The ELMAP LiDAR scanner is one of the newly developed time of flight laser scanners developed for WGS by Dr Christoph Hug. It is the second scanner that Dr Hug has developed for WGS. The new ELMAP LiDAR scanner is a big leap forward in scanning resolution, enabling double the point density at the same height as the existing scanner.
The new ELMAP has been developed from the ground up with Dr Hug having sourced each individual component from the laser diode to the microscopically level, multifaceted mirror. Being a complete redesign, the ELMAP saw features added at the hardware level based on years of field experience with the previous design. Development took over a year during which numerous field tests were conducted to both confirm the correct operation of the laser and test the limits of its capabilities.
Most airborne laser scanners are time-of-flight type instruments, meaning that the time it takes a beam of light to travel from the laser diode, horizontally towards a multifaceted mirror and then perpendicularly to the ground and back to the receiver, multiplied by the speed of light allows one to calculate the total distance that the beam has travelled. The ELMAP emits coded pulses of light which are reflected from the ground surface and received by a very sensitive sensor which calculates the time it took that beam to reach the ground and back. Using these coded pulse times and survey grade GNSS and Inertial measurements from integrated survey instruments, the XYZ position of the beam’s reflection may be calculated. The multifaceted mirror rotates, sending pulses of light laterally across the flightpath with a field of view of about 70°.
In order to use the distance that the beam has travelled to calculate the XYZ position, the exact XYZ position of the LiDAR receiver must be known. In addition, the plane’s orientation in space must be known, so as to solve the beam trajectory. Differential geometry is used to solve the final beam position. The internal geometry must be known to accurately calibrate the instrument so to facilitate this, the position of a single point on the ground is used to instead differentially calculate the internal geometry, given the position and rotation of the sensor and the known point on the ground such that the internal geometry can be used as a constant. A further calibration relating to offset of the inertial measurement unit and the sensor itself is later calculated, this process is known as a ‘boresight’, from the methodology for sighting cannons.
To identify a ground object, in particular the known control point we use to solve for the internal geometry, the intensity of each return can be used. Each pulse also stores the intensity of the light return. Some surfaces, such white road markings, are highly reflective and do not absorb much of the light radiation and some surfaces absorb a lot of radiation, such as tarmac. In order to ‘see’ the measured target on the ground, a 1m x 1m piece of wood coated in special reflective material was used. The result was a single bright point where the laser beam intensity was far higher than the radiation returned from the adjacent tarmac.

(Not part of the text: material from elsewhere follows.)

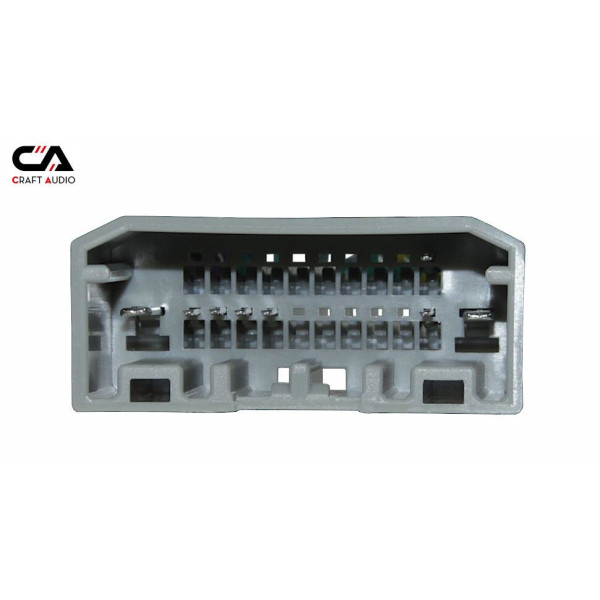 Комплект дротів для магнітол 16PIN CraftAudio CB-663#
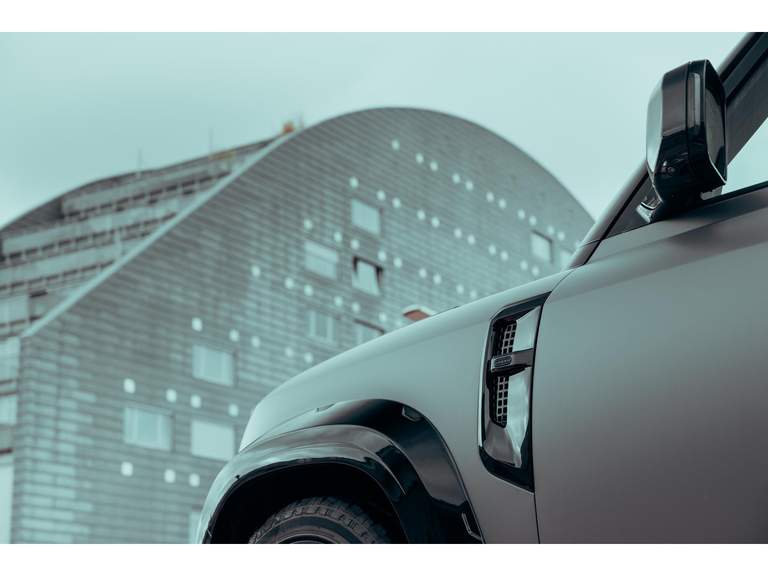 Land Rover Land Rover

Currently, at full power, the ELMAP can record measurement data at a rate of up to 120mb/s. A single 4-hour survey can easily full up a 2TB SSD. Developed concurrently with the ELMAP by WGS was a multi headed camera system which matches the footprint of the ELMAP, providing the most efficient survey footprint possible. The system is modular and easily deployable in numerous scenarios. Currently on the drawing board (and close to competition) is the development of an external, modular system contained within a certified luggage pod which could potentially extend operational capability to a wide number of aircraft with no modifications required at all. This will mean that WGS can deploy to areas at lower mobilisation costs and utilise local assets.